Non-VBO IQM model code is twice slower than MD5 model code

illwieckz commented 4 years ago

So, the fact the game get significant performance drop on some older GPU is not only an asset nor a game-specific issue. See https://github.com/Unvanquished/Unvanquished/issues/1207 for the issue on Unvanquished side.

After some optimizations done (see #389 pull request) running Unvanquished on some old hardware (AMD Athlon 64 3200+ single core with ATI Radeon X1950 PRO), I've discovered the MD5 model code is twice faster for the exact same model (the IQM model being the MD5 one after conversion).

IQM model:

MD5 model:

IQM model:

MD5 model:

Note: the MD5 model code seems to not have VBO-based fast alternative code for supported hardware.
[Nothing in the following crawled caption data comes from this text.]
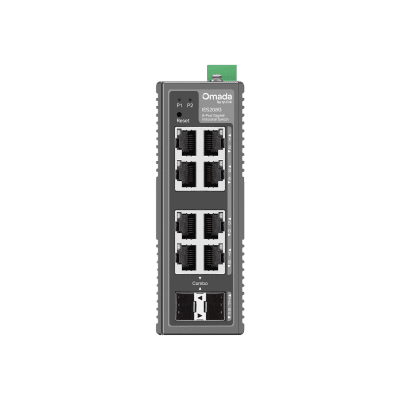 Switch Industrial Omada Easy Managed / 8 Puertos Gigabit (6× RJ45 + 2× RJ45/SFP Combo) / 16 Gbps Switching / -40°C a 75°C / Protección Rayos 6kV / Gestión Cloud / Montaje DIN Rail o Pared / IP40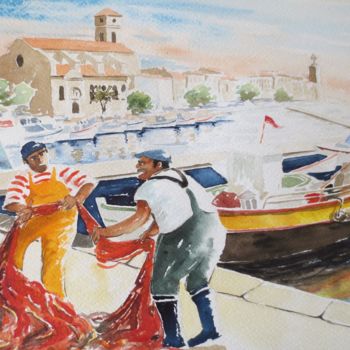 Peinture intitulée "Pêcheurs à La Ciotat" par Jean Marie Lecoix, Œuvre d'art originale, Aquarelle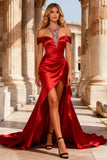 Sparkly Red Satin Cut Out High Low Mermaid Prom Dress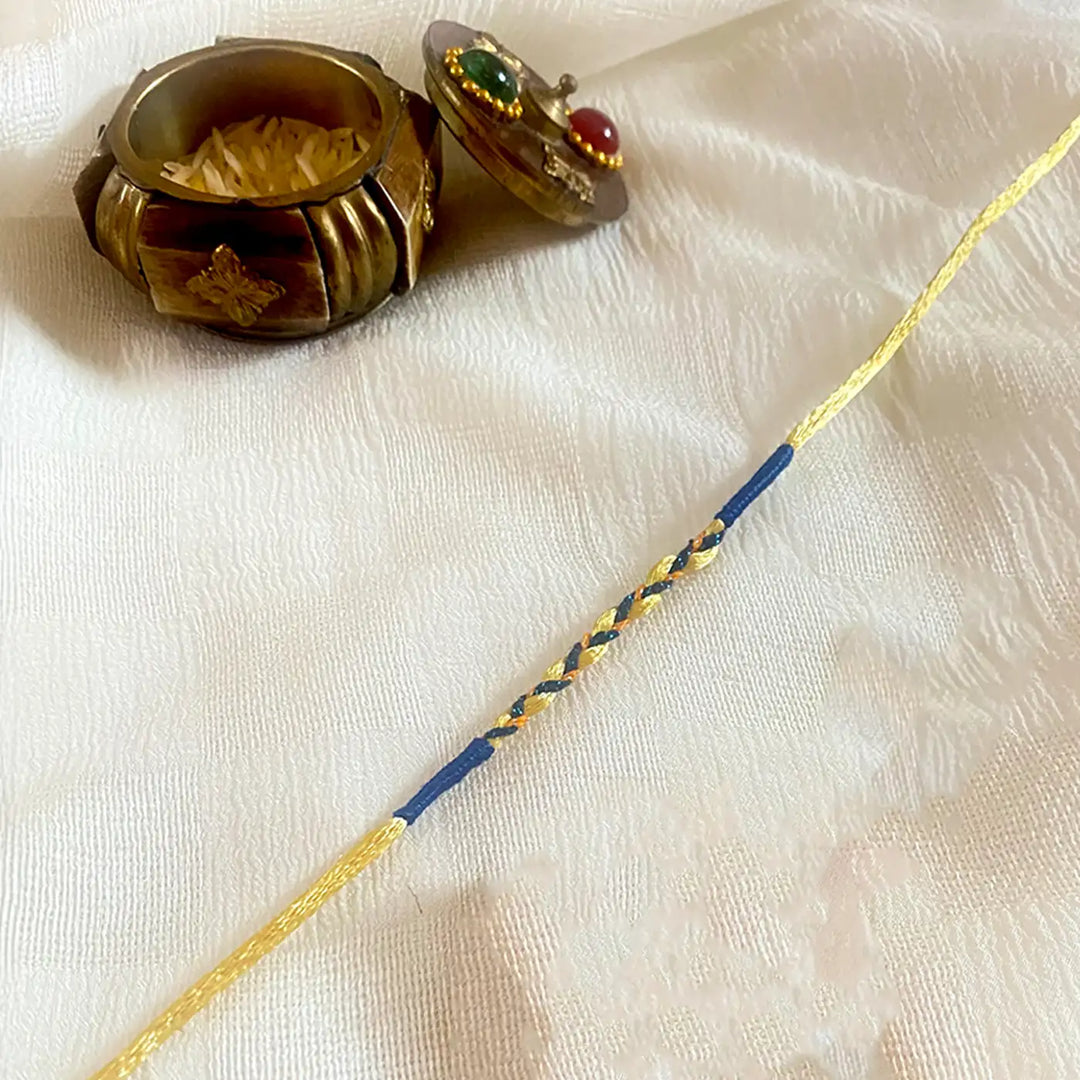 Handmade Ecofriendly Braided Multicolour Rakhi With Roli Chawal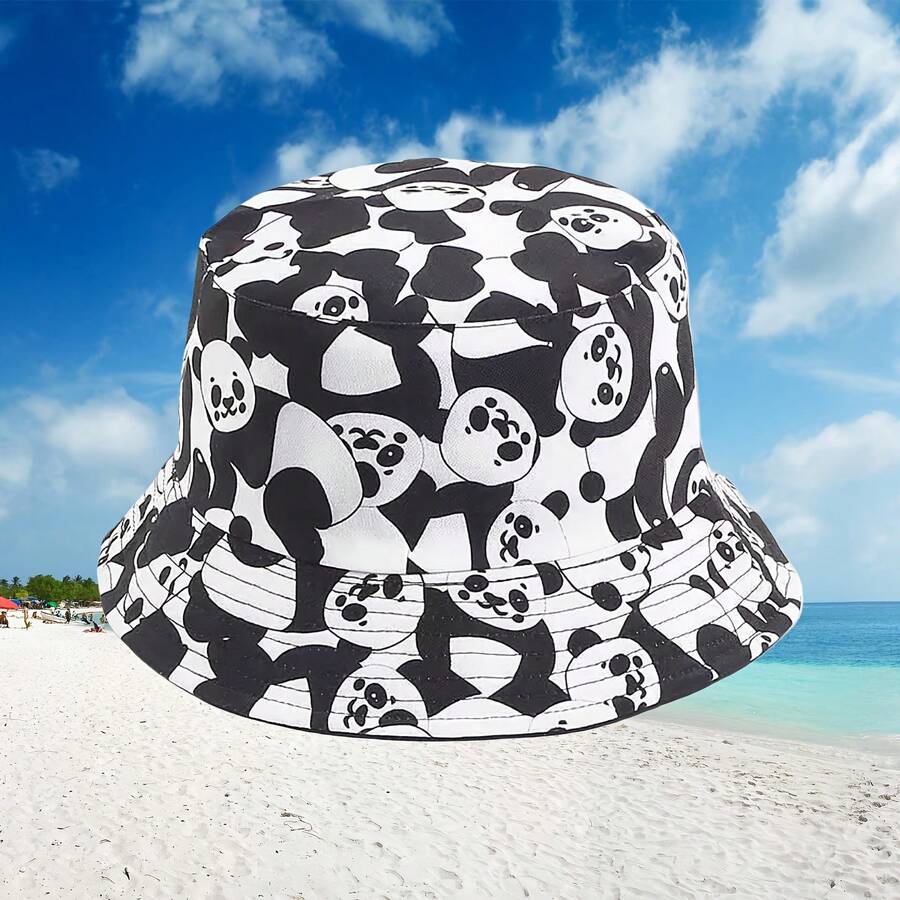 1pc New Panda Pattern Bucket Hat, Suitable For Gifts, Beach Travel, Reversible Design - Panda - View 1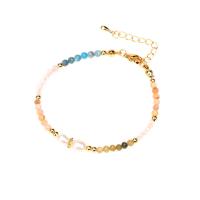 Gemstone Bracelets, Brass, with Gemstone & Freshwater Pearl, gold color plated, Adjustable & for woman, multi-colored, 3mm Approx 16-19 cm 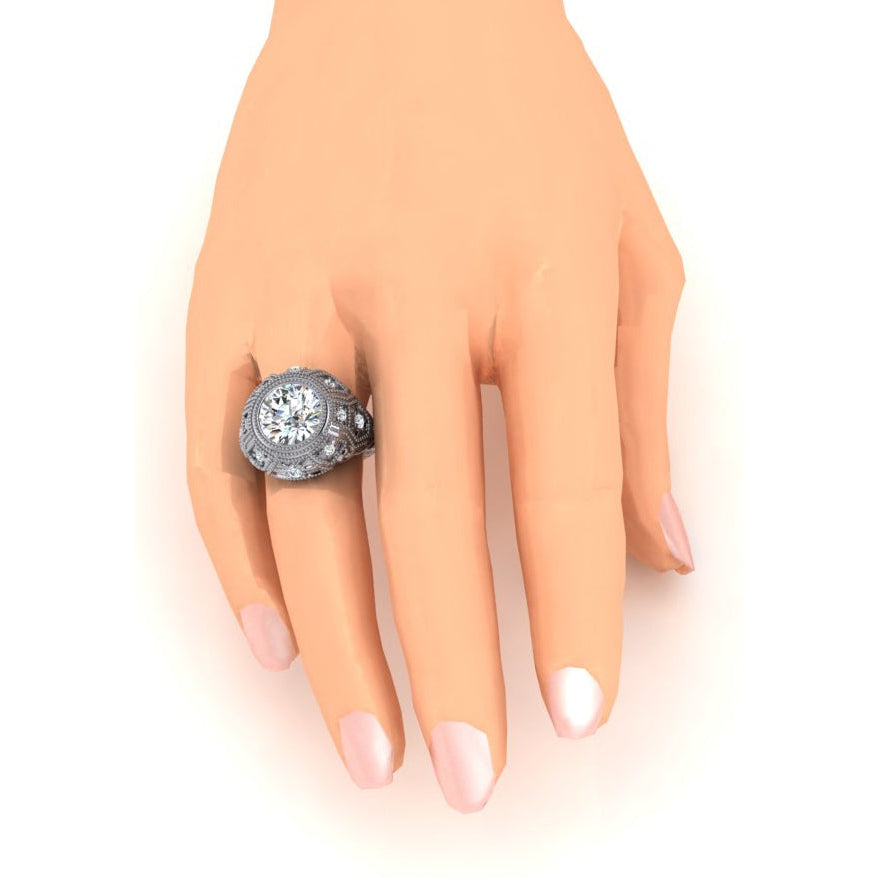 Grande Anello Da Donna Stile Antico Naturale Diamanti Enormi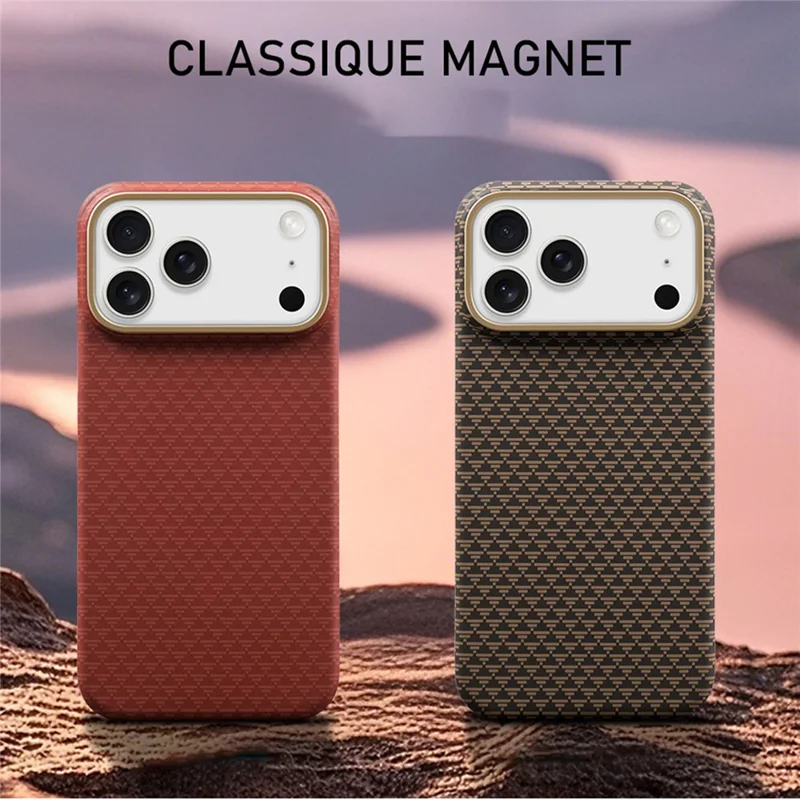 X-LEVEL Чехол для iPhone 17 Pro Max, совместимый с MagSafe, треугольная текстура, углеволокно, золотой цвет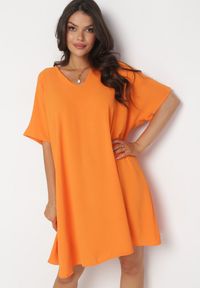 Born2be - Pomarańczowa Sukienka o Fasonie Nietoperza z Wiązaniem na Plecach Miken. Kolor: pomarańczowy #2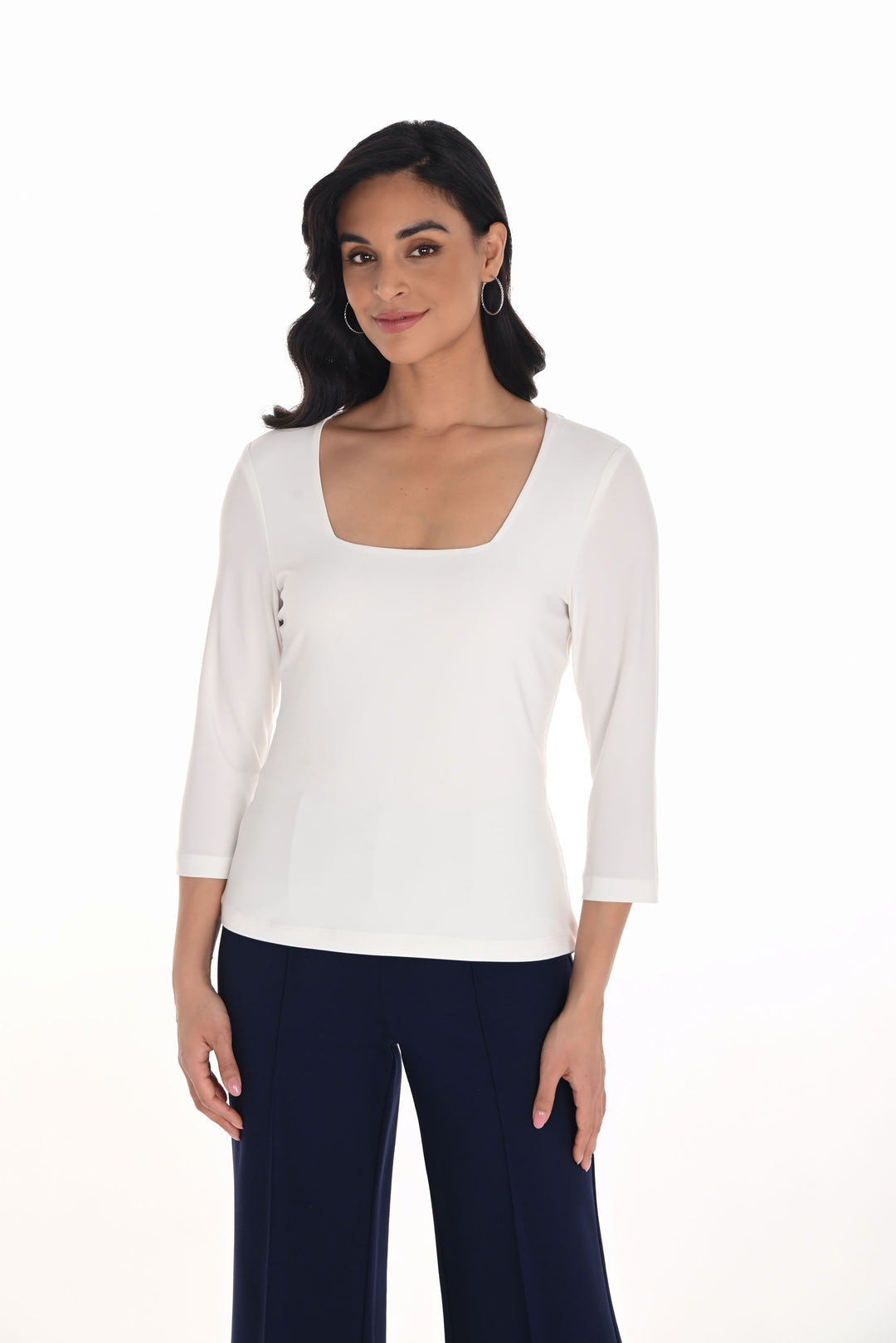 Frank Lyman square neck 3/4 sleeve top in ivory 254019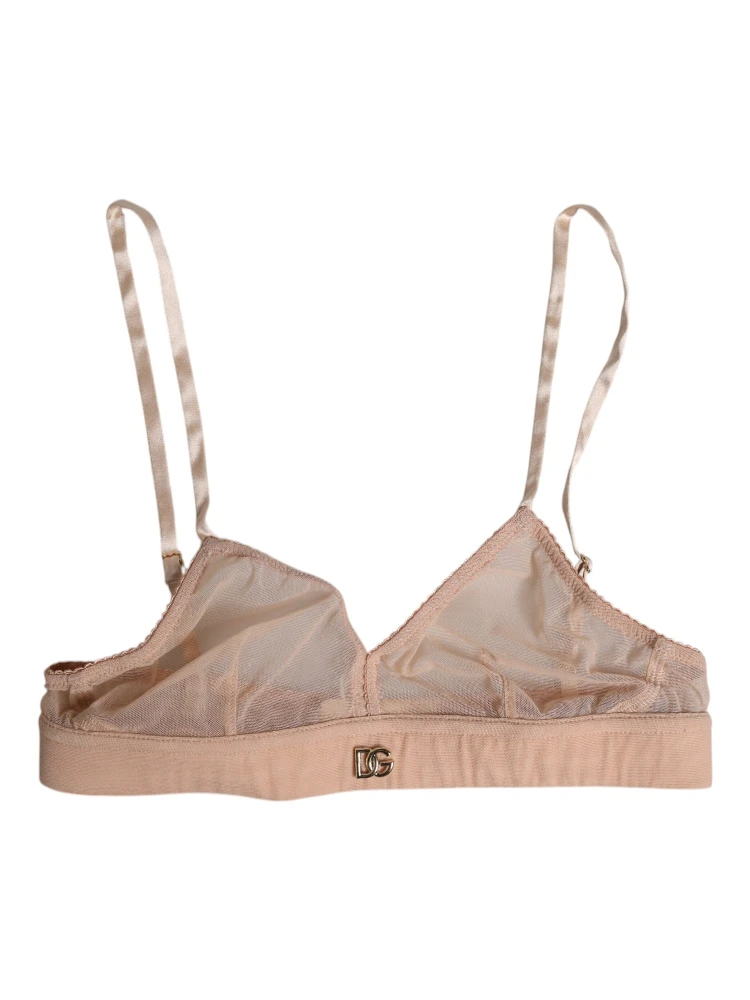 Powder Pink Nylon DG Logo Non Wire Bra Underwear alternative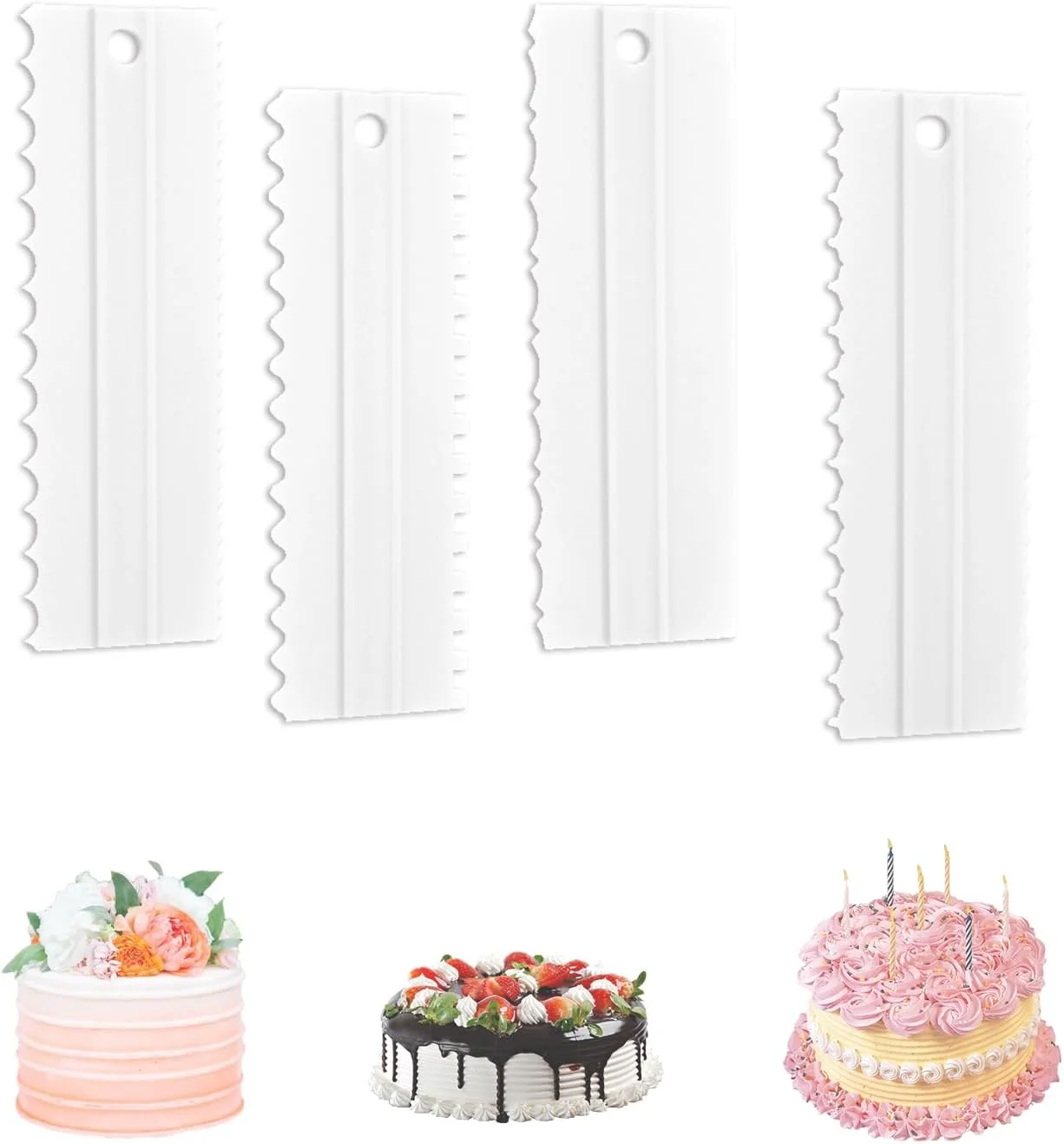 EKIND Cake Scraper Set Double Sided Icing Smoother Long Edge Buttercream Spatula Comb for Decorating Mousse Pastry Tools Baking Supplies(4 Pcs White)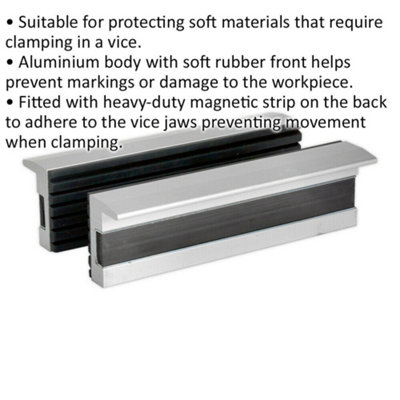 100mm Soft Vice Jaws - Aluminium Body - Soft Rubber Grip - Magnetic Strip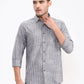 Grey Striped Slim Fit Casual Shirt | Greenfibre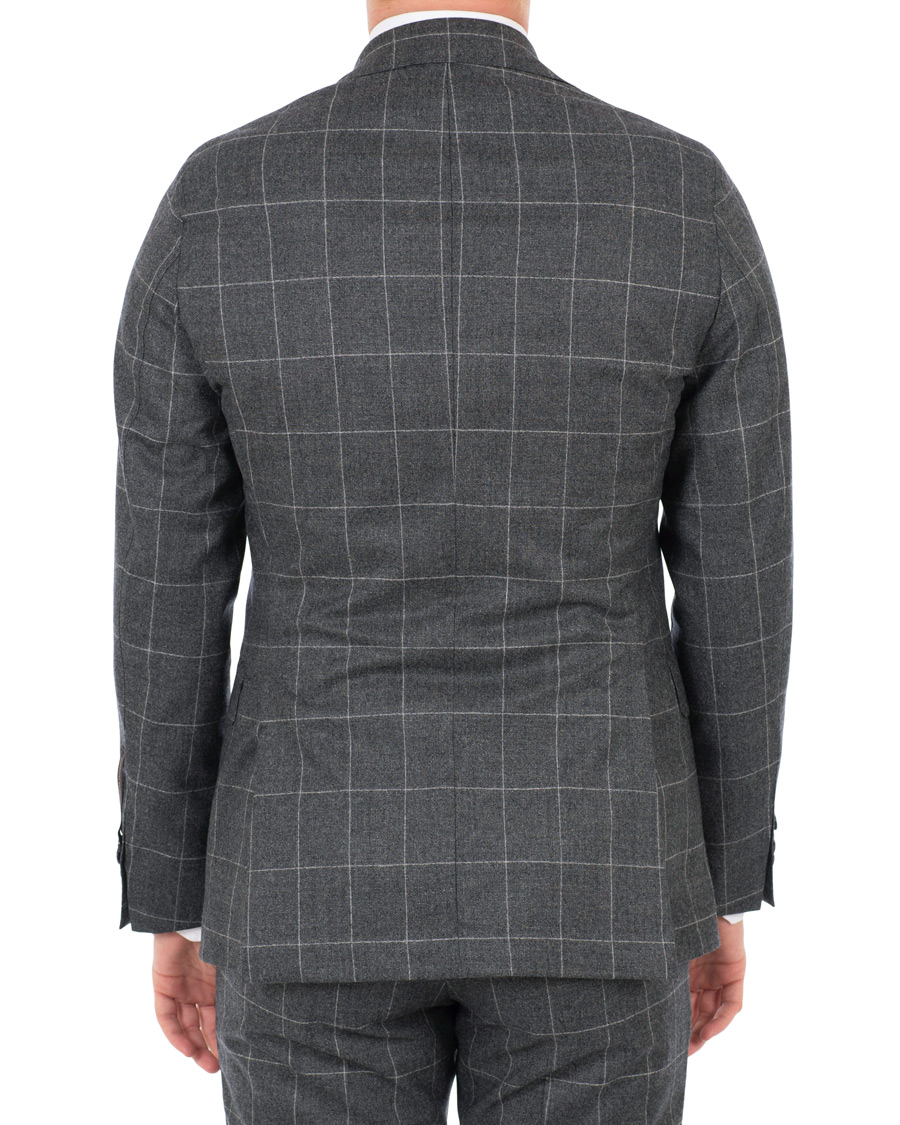 Herr | Kostymer | Oscar Jacobson | Egel Super 120 Wool Vitale Barberis Check Suit Grey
Edit: it has, it just lives in another dedicated function named Tess_SurfaceVBOMD5Mesh.

illwieckz commented 4 years ago

I believe I found why MD5 code is faster than IQM. After a huge rewrite to make both code look almost the same, I noticed this difference:

MD5 code:

            float *lastWeight = boneWeight + surfaceVertex->numWeights;

            for ( ; boneWeight < lastWeight; boneWeight++,
                boneIndex++ )
            {
                TransformPoint( &bones[ *boneIndex ], *surfacePosition, tmp );
                VectorMA( position, *boneWeight, tmp, position );

                TransformNormalVector( &bones[ *boneIndex ], *surfaceNormal, tmp );
                VectorMA( normal, *boneWeight, tmp, normal );

                TransformNormalVector( &bones[ *boneIndex ], *surfaceTangent, tmp );
                VectorMA( tangent, *boneWeight, tmp, tangent );

                TransformNormalVector( &bones[ *boneIndex ], *surfaceBinormal, tmp );
                VectorMA( binormal, *boneWeight, tmp, binormal );
            }

IQM code:

            byte *lastBlendIndex = modelBlendIndex + 4;

            for ( ; modelBlendIndex < lastBlendIndex; modelBlendIndex++,
                modelBlendWeight++ )
            {
                float weight = *modelBlendWeight * weightFactor;

                TransformPoint( &bones[ *modelBlendIndex ], modelPosition, tmp );
                VectorMA( position, weight, tmp, position );

                TransformNormalVector( &bones[ *modelBlendIndex ], modelNormal, tmp );
                VectorMA( normal, weight, tmp, normal );

                TransformNormalVector( &bones[ *modelBlendIndex ], modelTangent, tmp );
                VectorMA( tangent, weight, tmp, tangent );

                TransformNormalVector( &bones[ *modelBlendIndex ], modelBitangent, tmp );
                VectorMA( binormal, weight, tmp, binormal );
            }

You'll notice those loops do the same, except in MD5 case, the number of loops is variable (surfaceVertex->numWeights) and in IQM case, the number of loops is fixed (4).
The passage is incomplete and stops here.